A PE-backed dental group with 50+ practices across multiple states. Hundreds of clinical staff. Five different practice management systems inherited from acquisitions. When their sponsor started pushing for aggressive growth, the ops team had a problem: their back-office couldn't scale.
"Every acquisition means more systems that don't talk to each other," their COO told us. "We're already drowning in manual work. Adding more locations just means hiring more people to do the same broken processes."
Paper cuts adding up to real money
The individual tasks weren't complicated. Call the payer, wait on hold, verify coverage. Open an EOB PDF, match it to a claim, check if the payment was right. Read through a compliance binder, flag what's missing. But multiply each task by 50+ locations and thousands of patients per month, and you've got full-time staff doing nothing but administrative busywork.
The EOB problem was the worst. Two full-time billers spent their days opening PDF after PDF, squinting at explanation of benefits documents from different payers—each formatted differently—and manually matching them to claims in whatever practice management system that location used. Underpayments slipped through. Denials sat in inboxes for weeks. Their A/R aging was creeping up, and nobody had time to figure out why.
Three systems, one integration layer
We didn't replace their existing tools. The locations were used to their PMS systems, and ripping those out would've caused a revolt. Instead, we built AI that sits on top—reading what their staff would've read, doing the matching and flagging automatically.
Automated Eligibility Verification
Real-time insurance checks via payer EDI connections. When a patient gets scheduled, we verify coverage, pull deductible status, and flag anything weird—before they walk in the door. The front desk stopped calling payers entirely.
EOB Parsing and Payment Matching
AI reads every EOB that comes in—paper scans, PDF attachments, payer portal exports. It extracts line items, matches them to claims across all five PMS systems, and flags underpayments. Last month it caught $23K in short-pays that would've slipped through.

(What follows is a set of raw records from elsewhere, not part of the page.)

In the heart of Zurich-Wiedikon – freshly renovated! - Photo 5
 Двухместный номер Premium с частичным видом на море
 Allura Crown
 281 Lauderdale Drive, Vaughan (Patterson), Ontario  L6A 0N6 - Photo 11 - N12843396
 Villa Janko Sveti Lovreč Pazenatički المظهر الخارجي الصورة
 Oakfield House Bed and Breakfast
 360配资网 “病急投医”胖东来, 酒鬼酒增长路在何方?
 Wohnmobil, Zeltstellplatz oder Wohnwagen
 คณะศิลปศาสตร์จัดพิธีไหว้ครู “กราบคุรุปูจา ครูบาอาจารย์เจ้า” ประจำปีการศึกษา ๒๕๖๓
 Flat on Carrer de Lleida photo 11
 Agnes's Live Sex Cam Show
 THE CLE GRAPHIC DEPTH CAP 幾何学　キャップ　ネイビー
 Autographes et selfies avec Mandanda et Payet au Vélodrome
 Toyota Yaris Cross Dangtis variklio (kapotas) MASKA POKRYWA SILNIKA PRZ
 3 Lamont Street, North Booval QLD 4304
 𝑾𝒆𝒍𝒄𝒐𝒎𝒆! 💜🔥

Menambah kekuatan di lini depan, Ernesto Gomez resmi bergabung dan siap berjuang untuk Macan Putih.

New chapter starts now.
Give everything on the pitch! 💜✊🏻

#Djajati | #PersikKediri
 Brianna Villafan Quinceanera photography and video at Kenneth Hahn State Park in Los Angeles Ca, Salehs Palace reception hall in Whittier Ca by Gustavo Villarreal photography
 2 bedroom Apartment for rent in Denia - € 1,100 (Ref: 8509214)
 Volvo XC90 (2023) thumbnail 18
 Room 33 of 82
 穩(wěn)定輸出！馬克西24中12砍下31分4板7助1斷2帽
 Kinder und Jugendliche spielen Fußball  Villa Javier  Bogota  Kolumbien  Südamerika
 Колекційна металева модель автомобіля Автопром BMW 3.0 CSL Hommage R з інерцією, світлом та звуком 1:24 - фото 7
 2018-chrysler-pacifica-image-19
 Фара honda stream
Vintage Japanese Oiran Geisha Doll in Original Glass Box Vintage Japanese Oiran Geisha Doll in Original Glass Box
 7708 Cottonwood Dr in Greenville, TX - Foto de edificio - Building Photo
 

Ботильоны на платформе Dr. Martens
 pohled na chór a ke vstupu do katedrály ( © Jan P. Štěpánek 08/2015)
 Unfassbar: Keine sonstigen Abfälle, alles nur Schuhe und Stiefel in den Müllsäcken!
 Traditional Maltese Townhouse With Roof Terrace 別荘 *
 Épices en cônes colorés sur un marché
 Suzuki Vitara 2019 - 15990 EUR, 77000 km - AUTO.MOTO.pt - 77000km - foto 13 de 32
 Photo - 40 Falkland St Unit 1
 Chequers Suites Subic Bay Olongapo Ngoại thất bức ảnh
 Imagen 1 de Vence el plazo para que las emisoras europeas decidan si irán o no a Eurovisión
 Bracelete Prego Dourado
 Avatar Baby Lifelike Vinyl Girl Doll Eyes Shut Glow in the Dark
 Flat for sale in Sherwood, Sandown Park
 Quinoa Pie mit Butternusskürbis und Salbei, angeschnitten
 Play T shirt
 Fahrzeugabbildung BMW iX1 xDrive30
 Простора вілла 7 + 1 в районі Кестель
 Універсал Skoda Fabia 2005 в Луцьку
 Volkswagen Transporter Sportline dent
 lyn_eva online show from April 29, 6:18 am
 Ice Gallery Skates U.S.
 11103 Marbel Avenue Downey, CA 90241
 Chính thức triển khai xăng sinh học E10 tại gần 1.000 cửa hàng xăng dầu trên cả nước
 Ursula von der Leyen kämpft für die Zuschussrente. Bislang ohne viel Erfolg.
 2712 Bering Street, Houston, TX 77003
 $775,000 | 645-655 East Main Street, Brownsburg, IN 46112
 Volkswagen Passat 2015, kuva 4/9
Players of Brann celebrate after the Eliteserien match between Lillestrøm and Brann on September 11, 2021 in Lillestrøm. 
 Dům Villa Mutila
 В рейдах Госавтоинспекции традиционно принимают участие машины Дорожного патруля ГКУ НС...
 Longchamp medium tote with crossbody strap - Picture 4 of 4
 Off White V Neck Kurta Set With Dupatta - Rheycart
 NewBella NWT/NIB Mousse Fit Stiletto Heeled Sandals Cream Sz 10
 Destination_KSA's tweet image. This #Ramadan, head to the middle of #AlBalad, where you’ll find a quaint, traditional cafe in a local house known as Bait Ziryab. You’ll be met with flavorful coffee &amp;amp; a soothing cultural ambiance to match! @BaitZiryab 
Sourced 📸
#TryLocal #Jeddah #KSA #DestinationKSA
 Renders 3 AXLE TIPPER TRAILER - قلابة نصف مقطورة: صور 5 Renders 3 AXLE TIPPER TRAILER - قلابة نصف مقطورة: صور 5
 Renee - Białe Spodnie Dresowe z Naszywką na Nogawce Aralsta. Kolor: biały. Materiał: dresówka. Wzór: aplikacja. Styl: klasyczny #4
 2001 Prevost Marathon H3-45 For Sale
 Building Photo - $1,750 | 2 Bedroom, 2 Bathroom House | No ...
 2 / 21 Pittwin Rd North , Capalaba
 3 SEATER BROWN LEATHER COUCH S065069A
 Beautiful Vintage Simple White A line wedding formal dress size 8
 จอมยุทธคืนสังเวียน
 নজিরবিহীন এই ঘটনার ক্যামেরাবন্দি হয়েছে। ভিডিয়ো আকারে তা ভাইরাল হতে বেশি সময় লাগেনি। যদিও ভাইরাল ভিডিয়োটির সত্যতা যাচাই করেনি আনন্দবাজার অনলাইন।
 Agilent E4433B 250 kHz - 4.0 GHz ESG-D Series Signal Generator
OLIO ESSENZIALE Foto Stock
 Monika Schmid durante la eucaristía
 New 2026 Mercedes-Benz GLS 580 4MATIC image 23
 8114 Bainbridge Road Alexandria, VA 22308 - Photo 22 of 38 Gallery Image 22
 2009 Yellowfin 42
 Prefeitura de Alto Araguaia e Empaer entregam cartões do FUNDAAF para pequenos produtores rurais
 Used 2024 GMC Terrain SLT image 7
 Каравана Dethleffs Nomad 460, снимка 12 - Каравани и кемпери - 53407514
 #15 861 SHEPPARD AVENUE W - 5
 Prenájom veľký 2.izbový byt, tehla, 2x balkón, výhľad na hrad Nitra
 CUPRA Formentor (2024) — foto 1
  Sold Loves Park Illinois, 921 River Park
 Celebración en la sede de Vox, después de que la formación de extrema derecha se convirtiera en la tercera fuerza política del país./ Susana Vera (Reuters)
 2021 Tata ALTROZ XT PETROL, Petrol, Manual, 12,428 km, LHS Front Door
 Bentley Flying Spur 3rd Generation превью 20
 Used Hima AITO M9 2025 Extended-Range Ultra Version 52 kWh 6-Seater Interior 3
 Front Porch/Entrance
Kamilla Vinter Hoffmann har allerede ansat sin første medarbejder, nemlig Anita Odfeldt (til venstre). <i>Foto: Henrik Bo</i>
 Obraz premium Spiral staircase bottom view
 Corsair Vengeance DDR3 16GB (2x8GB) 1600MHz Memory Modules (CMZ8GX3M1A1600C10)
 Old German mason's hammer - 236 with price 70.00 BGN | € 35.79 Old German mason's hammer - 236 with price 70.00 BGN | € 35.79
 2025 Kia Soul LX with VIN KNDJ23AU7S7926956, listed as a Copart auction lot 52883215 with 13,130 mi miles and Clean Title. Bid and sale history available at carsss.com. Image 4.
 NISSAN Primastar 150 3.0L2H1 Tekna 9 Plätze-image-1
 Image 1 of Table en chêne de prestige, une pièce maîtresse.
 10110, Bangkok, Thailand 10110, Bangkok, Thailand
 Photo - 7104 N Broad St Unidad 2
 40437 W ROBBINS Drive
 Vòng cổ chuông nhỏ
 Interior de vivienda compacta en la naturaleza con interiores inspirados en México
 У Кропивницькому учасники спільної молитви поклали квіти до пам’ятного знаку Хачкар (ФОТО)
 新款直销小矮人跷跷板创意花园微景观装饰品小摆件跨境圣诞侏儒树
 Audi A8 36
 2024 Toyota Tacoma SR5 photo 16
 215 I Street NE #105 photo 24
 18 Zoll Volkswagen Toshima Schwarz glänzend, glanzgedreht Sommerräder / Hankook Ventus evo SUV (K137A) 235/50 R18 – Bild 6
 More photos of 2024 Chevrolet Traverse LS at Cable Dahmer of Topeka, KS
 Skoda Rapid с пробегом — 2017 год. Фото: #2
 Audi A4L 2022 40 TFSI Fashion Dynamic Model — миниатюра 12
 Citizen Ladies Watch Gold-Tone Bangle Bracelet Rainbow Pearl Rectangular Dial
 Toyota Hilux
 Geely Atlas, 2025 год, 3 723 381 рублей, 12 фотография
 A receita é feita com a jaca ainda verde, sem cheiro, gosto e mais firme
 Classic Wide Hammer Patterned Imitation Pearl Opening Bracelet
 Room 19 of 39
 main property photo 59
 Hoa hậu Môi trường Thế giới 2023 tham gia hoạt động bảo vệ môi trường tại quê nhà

Compliance Document Analysis
150-page OSHA binders, credentialing files, policy manuals. The AI reads them, extracts required elements, flags gaps, and generates checklists. What took a compliance officer 4-8 hours now takes 15 minutes of review.
Staff doing different work, not more work
The two EOB processors? They're still employed. One handles exception cases and appeals—the stuff that actually requires judgment. The other moved to patient collections, where her knowledge of payer behavior turned out to be exactly what they needed. The front desk staff stopped dreading insurance calls. The compliance officer actually has time for proactive audits instead of scrambling before inspections.
- —15 minutes per patient for eligibility calls
- —2 FTEs manually processing EOB documents
- —4-8 hours per compliance binder review
- —Underpayments slipping through unnoticed
- —A/R aging creeping up every quarter
- 2 minutes average for automated eligibility
- EOBs processed overnight, exceptions flagged by morning
- 15 minutes per compliance review with AI pre-analysis
- $23K/month in recovered underpayments
- A/R days dropped from 38 to 29
6 weeks to production
Discovery & Design
Shadowed staff at three locations, mapped actual workflows (not the documented ones), identified the real bottlenecks.
Build & Test
Built the eligibility and EOB systems, tested against 6 months of historical data. Caught issues before they went live.
Pilot Deployment
Rolled out to 5 locations in Phoenix. Fixed edge cases, trained staff, got buy-in from skeptics.
Full Rollout
Extended to all locations. Set up monitoring dashboards. Handed off to their internal IT.
The group is on track to add 15+ locations this year. Their COO isn't worried about back-office capacity anymore. The systems scale—adding a new location is mostly just plugging in another PMS connection and letting the AI figure out the format.
The pattern here isn't unique to dental. Any multi-site healthcare operation—urgent care chains, veterinary networks, specialty practices—hits the same wall. Manual processes that work at 10 locations break at 50. The fix isn't hiring more people to do the same broken processes. It's automating the parts that shouldn't require human judgment in the first place.